Founded in 2012 by storyteller Kathy McGregor as a ministry of St. Paul’s Episcopal Church, the Prison Story Project benefits incarcerated women and men. While in the program, inmates explore and reflect upon their lives through poetry, creative writing, literature, songwriting, and visual art.

Their work is then curated into a staged reading performed by actors. The program’s stated goal is to enable those whose voices have been locked away to tell their stories, and to give the outside community an opportunity to witness the humanity and redemption of the incarcerated through their own words.

From May through October 2016, the project was given unprecedented access to the men on Arkansas’ death row. Eleven of the 34 men on the row at that time volunteered to participate. The stories and poems the death row inmates wrote were guided by McGregor and creative writing director Matt Henriksen, and then edited into a script by theatre director Troy Schremmer. Their work was presented back to them on Oct. 8, 2016 by professional actors in a cramped aisle on death row between individual cages that held each man.
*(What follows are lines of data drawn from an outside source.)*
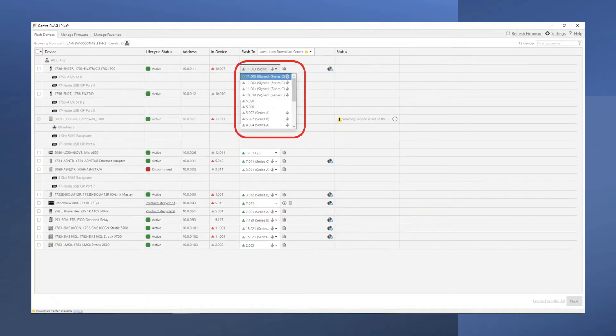To choose an alternate firmware version to load to the device, use the pull-down menu to see the available releases.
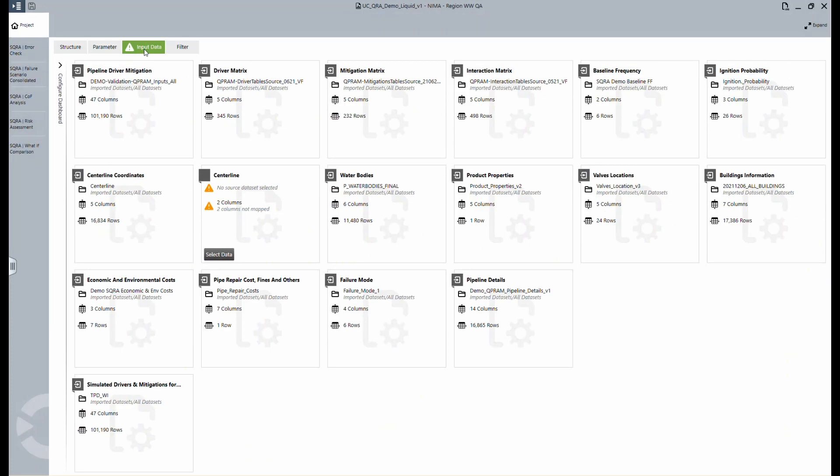In this tab, all data is collected and brought into the system. The data can come from Excel files, database connections, DBFs, or CSVs. The most relevant items are the pipeline details, the valves, the product properties, the failure modes, and everything you set up for your risk. These are also configurable.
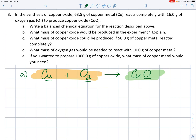You cannot change the subscripts — the little numbers on the bottom right beside each symbol — but you can put numbers in front of formulas. If we have two oxygen atoms on the left and only one on the right, we can fix that by putting a coefficient of 2 in front of copper oxide. Now we're creating two molecules of CuO, which gives two atoms of oxygen — the oxygens are now balanced. But now our coppers are unbalanced: we had one copper to begin with, but now we need two. So we put a coefficient of 2 in front of copper as well.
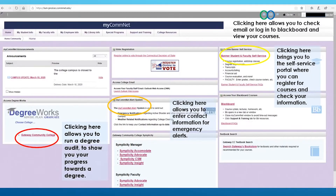Once you have logged in, you will be redirected to the MyComNet homepage. From here, we can begin to explore all the different tools you will have access to.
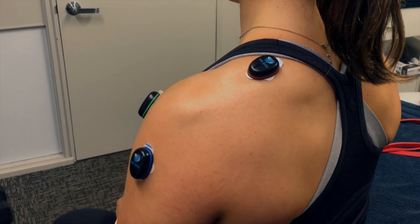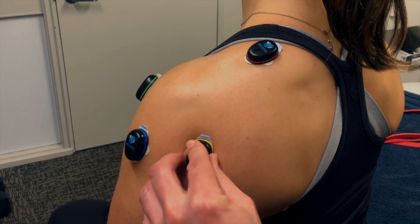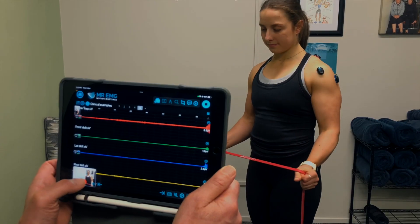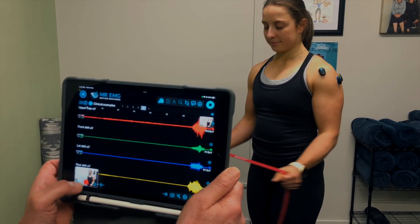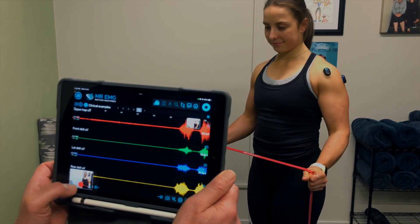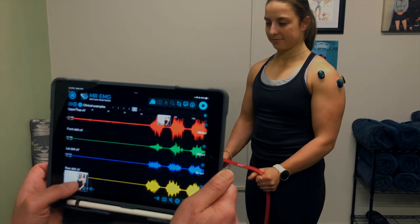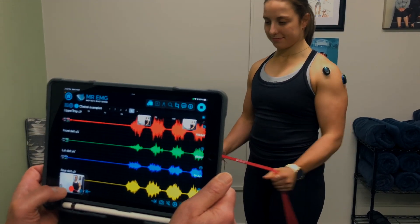Using a resistance band suitable for the patient's symptoms, have them perform 10 resisted shoulder abduction repetitions. Review the amplitudes of the various muscle contractions during this test.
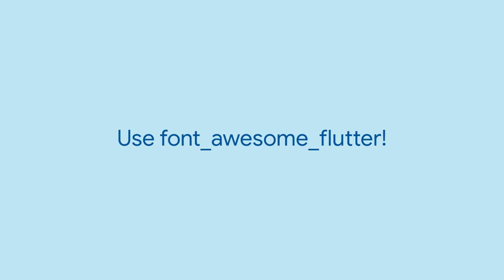Luckily, with the Font Awesome Flutter package, including them in your Flutter app is as easy as 1, 2, 3.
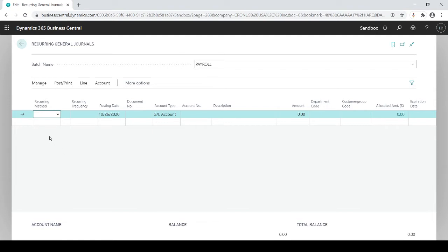Balance is used when you want to do allocations — I'll do a separate example session on that. Then we have reverse and fixed, and reverse and variable. The fixed and variable distinction has to do with the dollar amounts, while the reversing part means the system will automatically reverse the entry the very next day — hence, your accrual.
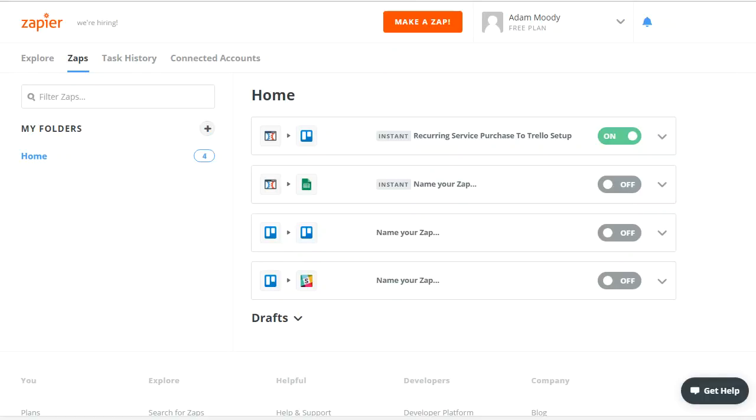Hey, this is Adam with Productivity Academy. Today I want to show you how you can use Zapier and Slack to get some really cool notifications.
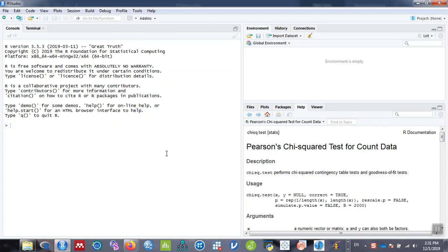Hello everyone, welcome back. This is Raj. In this video we're going to learn how to calculate the chi-square statistics and Fisher's exact statistics using RStudio and R.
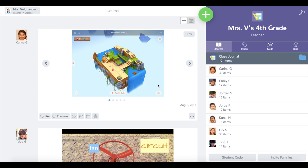In this video I'm going to show you how to add multiple photos to Seesaw using our new albums feature. This is a way to add multiple photos into a single Seesaw post and one of our top requested features from teachers.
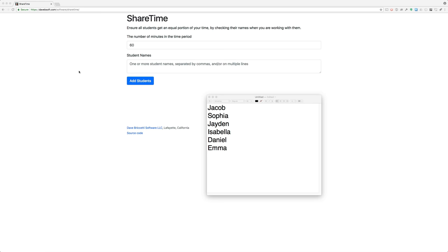Hi, here's a new web app I've been working on called ShareTime. It's driven from my need to fairly divide my time among several students who may or may not be working on the same subjects.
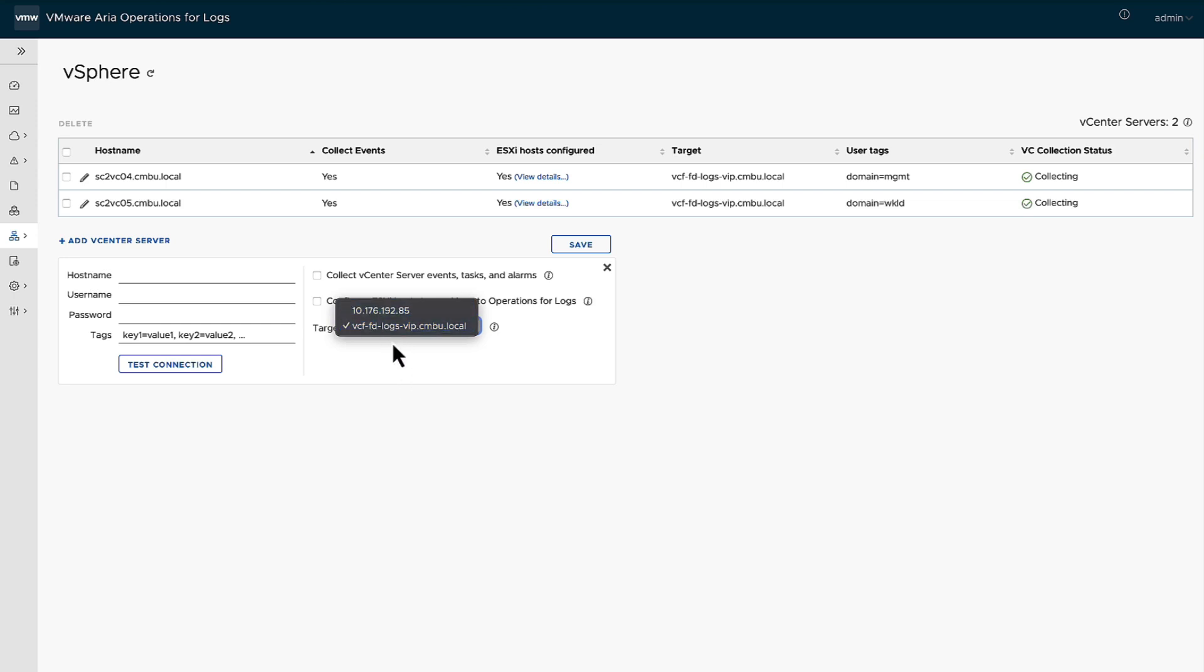And then last but not least, you can actually select which log server you want to send it to. It could be an individual or it could be a VIP, VIP being the load balancer. So that way it doesn't matter which one it lands, it will land within that particular cluster. For this scenario, we did that. All right, so that's vCenter.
McGregor said the team didn’t know how the inmates would react to a presentation of their writing, but when the performance started, the room fell to silence.

As one of the men wrote in a thank you letter to McGregor afterwards, “We were all transformed by the writing we heard that day.” The writing, they said, “culminated in something that’s bigger than all of us.”

“We are the broken ones,” another said, “that with your help were patched up to shine like new.”

Henriksen said afterwards the men didn’t dwell on their pasts or blame others for their crimes.

“Some of them had found an immense peace that eludes many of us in the free world, and they wanted to share it purely out of gratitude for having found it,” said Henriksen.

McGregor agreed.

“By facing their crimes, enduring their sentences, and accepting their impending deaths, they each found ways to survive, seek self-forgiveness, experience God’s redemption, and retain their humanity,” she said.

Four of the men that participated in the project were on the list of eight to be executed just after Easter 2017.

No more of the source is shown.